Baptists are at the forefront of reaching out in yet another outbreak of hostilities in the Middle East. Baptists are not all on the same page as far as their understanding of the conflict involving Israel and Hezbollah fighters, but they overwhelmingly pray for peace. They also reach out to victims — on both sides of the border.
Baptists have significant investments in the Arab Baptist Theological Seminary and Beirut Baptist School, both in Lebanon. For many years, Southern Baptist representatives and other Baptists helped staff these institutions. Baptist dollars helped fund them.
Today these institutions are reaching out to displaced Lebanese people, a large majority of them Muslims who need help and are trusting Christians to administer assistance.
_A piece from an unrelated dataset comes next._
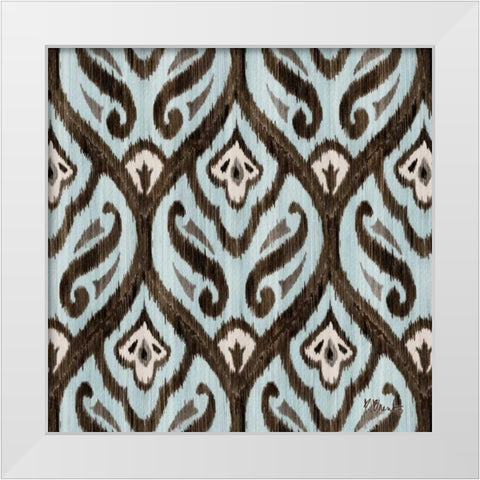 Blue Ikat II White Modern Wood Framed Art Print by Brent, Paul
Baptists have a similar regard for attack victims in Israel, where Baptist representatives have long reached out to both Israelis and Arabs.
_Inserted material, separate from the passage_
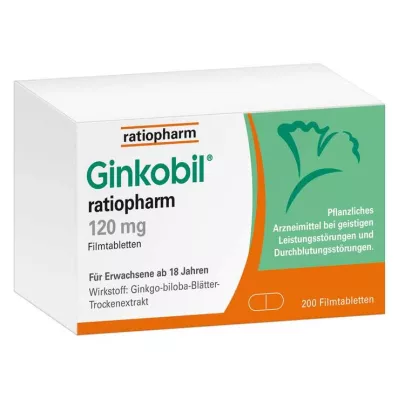 GINKOBIL-ratiopharm 120 mg kalvopäällysteiset tabletit, 200 kpl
Baptists in Missouri continue to stress ongoing ministries and partnerships that include human needs ministries and evangelism.
Disaster relief specialists scatter on a moment’s notice to hurricane, tornado and windstorm victims near and far.
Churches and individuals regularly link with churches in places like Romania, Belarus, Puerto Rico, Guatemala and Mexico — there is hardly a place where Baptists won’t go to share the love of Jesus.
This summer, youth and adult mission teams from Missouri Baptist churches and associations have scattered across the state and to most of the lower 48 states to engage in Vacation Bible Schools, Backyard Bible Clubs, construction projects and other endeavors.
In offering others the key to eternal life, these Baptists — children, youth and adults — have discovered that they have reaped blessings. They have discovered that the richest gains are those that come when a believer gives himself or herself in Christ-inspired service to others.
In Missouri, we engage the world under varying mini-banners. Some are Missouri Baptist Convention. Some Cooperative Baptist Fellowship of Missouri. Some Baptist General Convention of Missouri. Some call themselves conservative; others prefer to be called moderate.
When Baptists engage in missions, the people to whom we minister will likely not be impressed with our labels but with our attitude and with our service. Certainly, we all seek to be Christ-like and missions-minded.
That’s a heritage in which we all can share.